Python TypeScript JavaScript Go Java C++ PHP
@definition.class
@definition.function 1 N/A
@definition.method 2 1 2
@definition.interface N/A N/A N/A
@definition.namespace N/A N/A N/A N/A
@definition.module N/A N/A N/A N/A N/A
@definition.type N/A N/A N/A
@definition.constant
@definition.enum
@definition.import N/A
@definition.include N/A N/A N/A N/A N/A
@definition.package N/A N/A N/A N/A N/A
@reference.call
@reference.class 3

Want to write a query for a new language? tags.scm and other queries in each language's tree-sitter repository, like tree-sitter-javascript, are a good place to start.

Query predicates

$ ./parse -supported_predicates
#eq?/#not-eq?
    (#eq? <@capture|"literal"> <@capture|"literal">)
    Checks if two values are equal.

#has-parent?/#not-has-parent?
    (#has-parent? @capture node_type...)
    Checks if @capture has a parent node of any of the given types.

#has-type?/#not-has-type?
    (#has-type? @capture node_type...)
    Checks if @capture has a node of any of the given types.

#lineage-from-name!
    (#lineage-from-name! "literal")
    If the name captures scopes, split by "literal" and retain the last element
    as the name. The other elements are appended to the lineage.

#match?/#not-match?
    (#match? @capture "regex")
    Checks if the text for @capture matches the given regular expression.

#select-adjacent!
    (#select-adjacent! @capture @anchor)
    Selects @capture nodes contiguous with @anchor (all starting and ending on
    adjacent lines).

#set!
    (#set! key <@capture|"literal">)
    Store metadata as a side effect of a match.

#strip!
    (#strip! @capture "regex")
    Removes all matching text from all @capture nodes.

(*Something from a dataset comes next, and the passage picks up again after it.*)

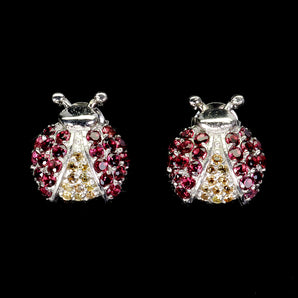 925 Sterling Silver Earrings Round Rhodolite Garnet Sapphire Ladybug Gemstone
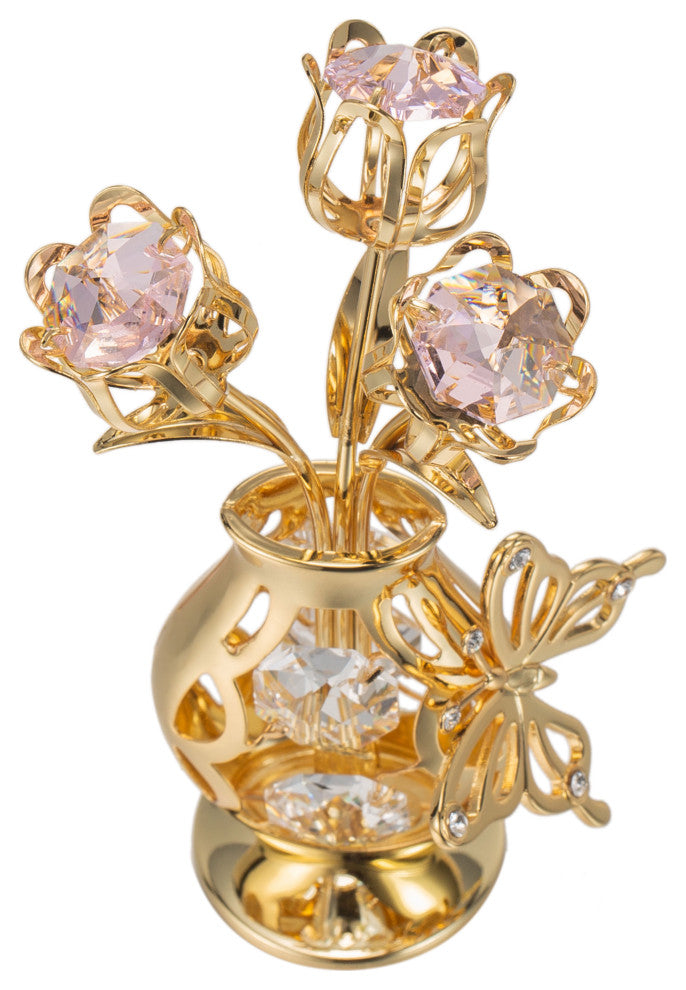 Matashi 24K Gold Plated Flower Ornament in Vase w Crystals Decorative Butterfly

Need a predicate which hasn't been implemented? File an issue! We try to use predicates from nvim-treesitter.

Grammars

$ ./parse -supported_languages
ada
c
cpp
csharp
css
dart
go
hcl
html
java
javascript
json
kotlin
latex
markdown
ocaml
ocaml_interface
perl
php
protobuf
python
ruby
rust
shell
svelte
swift
toml
tree_sitter_query
tsx
typescript
vue
yaml

Looking for support for another language? File an issue with a link to the repo that contains the grammar.

Contributing

Pull requests are welcome. For non-issue discussions about codeium-parse, join our Discord.

Adding and testing queries

  • You can create new source files with patterns you want to target in test_files/.
  • Look at the syntax tree using ./parse -file test_files/<your file> to get a sense of how to capture the pattern.
  • Learn the query syntax from tree-sitter documentation.
  • Run ./goldens.sh to see what your query captures.

Footnotes

  1. Function and method signatures are captured individually in TypeScript. Therefore, the @doc capture may not exist on all nodes. 2

  2. Currently functions and methods are not distinguished. 2

  3. Function calls and class instantiation are indistinguishable in Python.